Google Messages just quietly rolled out a fix that kills one of its most maddening limitations, and beta testers on version 20260306 are already seeing it in action.

No more long-pressing a message only to grab the entire block when all you need is the address, the code, or that one line buried in the middle. 

You can now highlight and copy exactly what matters.

The change works straight from the familiar long-press menu.

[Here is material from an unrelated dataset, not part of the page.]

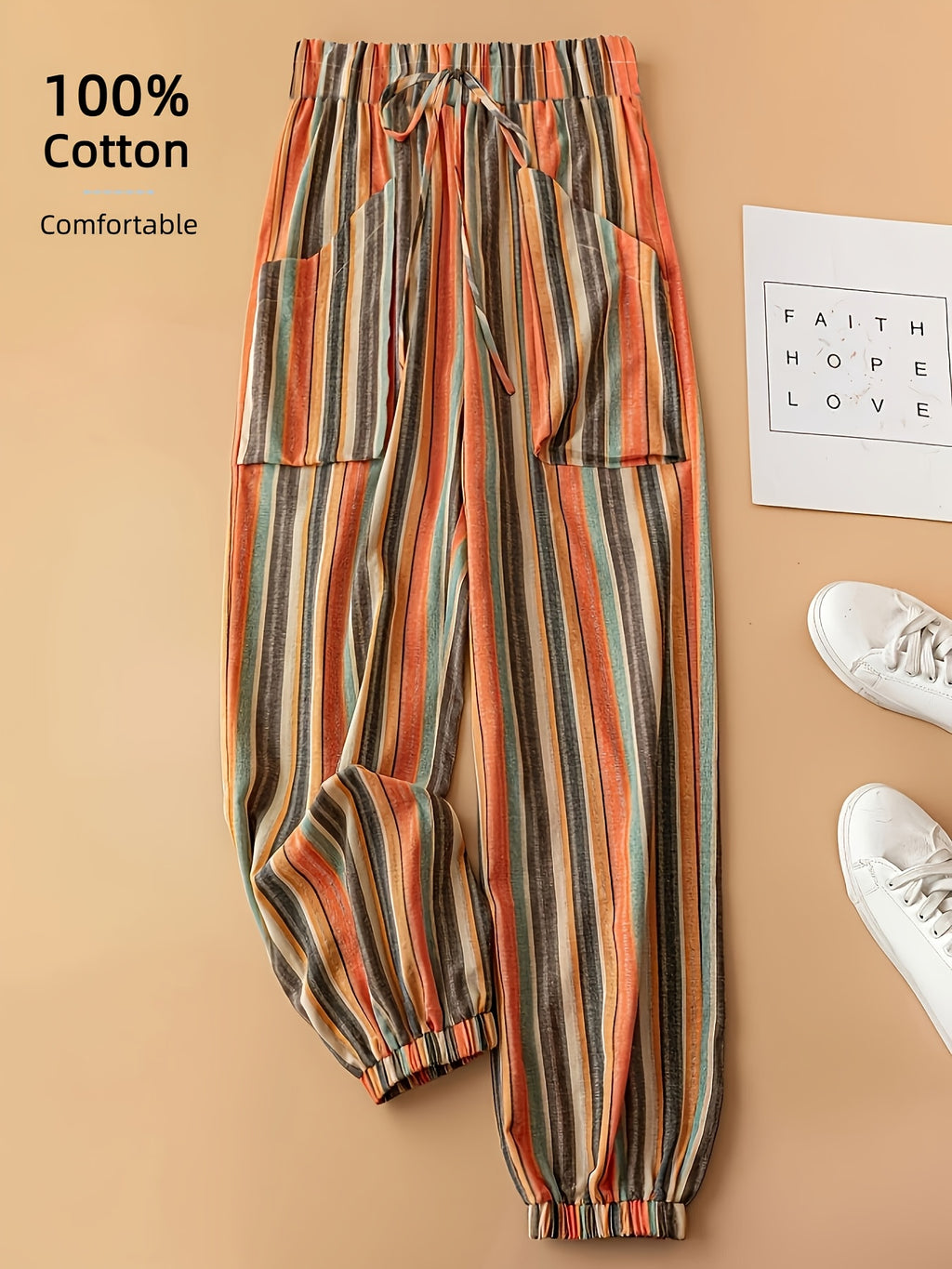 Pantalon grande taille à rayures, coupe droite, cordon — matière : coton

Tap and hold any SMS or RCS bubble, the full text shows up in the pop-up, and you drag across just the portion you want.

Android's standard selection handles pop up, hit copy, and you're done.

The old full-copy button still sits there for when you need everything at once.

It lines up exactly with how every other text field on your phone has behaved for years.

Android Authority first spotted the code in an earlier beta teardown and nailed the details.

"After long-pressing a message, the updated context menu appears as usual, but you can now drag to select a specific portion of the text, after which Android’s system-level selection menu appears, letting you copy only the highlighted text."

They called it out as "a feature users have been wanting for years," and they were right. The same team confirmed this week that the staged rollout has started hitting some devices on the current beta.

Google Messages Beta Finally Lets You Copy Just the Good Parts of Any Text
Credit: Android Authority

Until now the only real workaround involved jumping to the recent-apps overview and selecting text from the thumbnail preview. It worked for short stuff but completely fell apart on anything longer than one screen.

While Google keeps shipping headline features like RCS message editing and AI tools, this one slipped through for far too long.

This newly released selective copy feature in Google Messages doesn't scream innovation or make for flashy demos, but it solves a daily friction point that turned simple tasks into extra steps for millions of users.

  • Grab an OTP without the surrounding junk.
  • Pull a flight number without copying the whole confirmation.
  • Paste a street address straight into Maps.

These are the moments that actually shape how the app feels day after day.

The fact that it took until 2026 for such a basic capability to land says plenty about where Google's priorities sat.

They chased cross-platform parity and flashy extras while the fundamentals lagged behind what users hit every single chat.

Now that the fix is here and spreading in beta, the app finally feels complete in the one place it should never have been broken.

This is the kind of update that actually earns loyalty instead of just generating clicks.

Google, you got the basics right at last. Keep that momentum going instead of letting the obvious slip again.